**EXERCISE:** Copy out the data that comes next, character for character, and leave the images aside.

**SOURCE MATERIAL:**
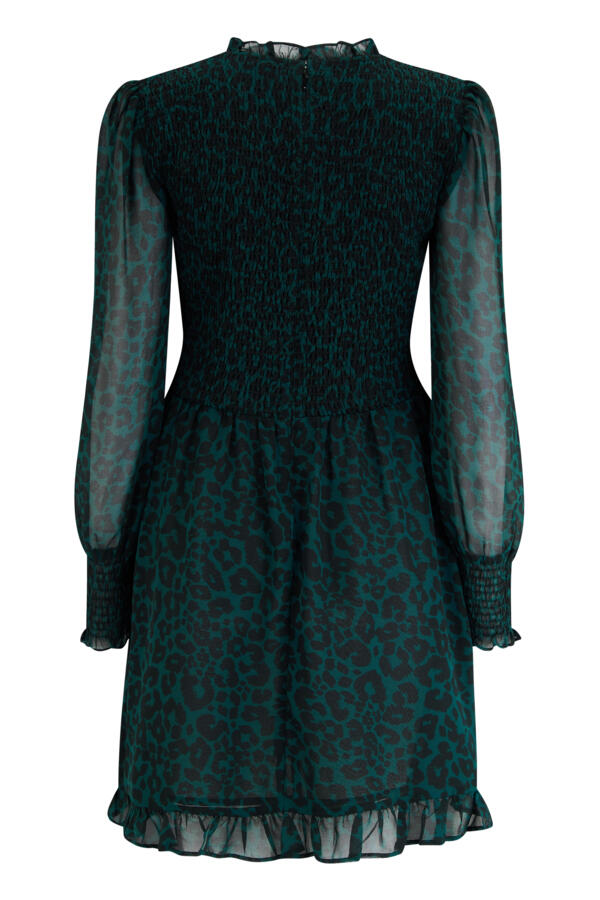 Izzy Shirred Bodice Long Sleeve Chiffon Dress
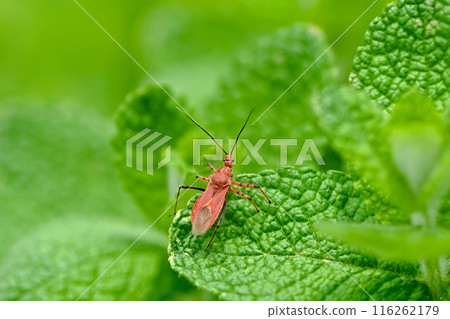 Red turtle Red turtle 116262179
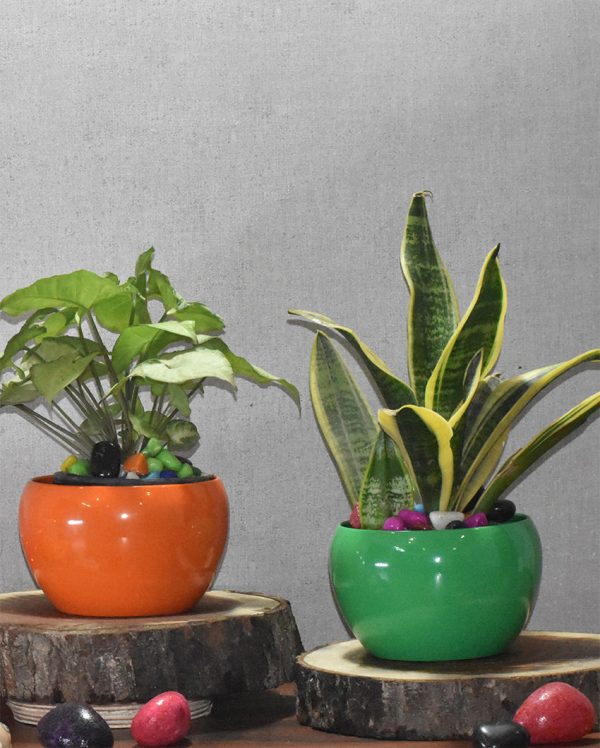 Versatile Desktop Planters Combo Without Plants | Pack of 2 | 5 x 5 inches Discount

**TASK SOLUTION:**
 Izzy Shirred Bodice Long Sleeve Chiffon Dress
 Red turtle Red turtle 116262179
 Versatile Desktop Planters Combo Without Plants | Pack of 2 | 5 x 5 inches Discount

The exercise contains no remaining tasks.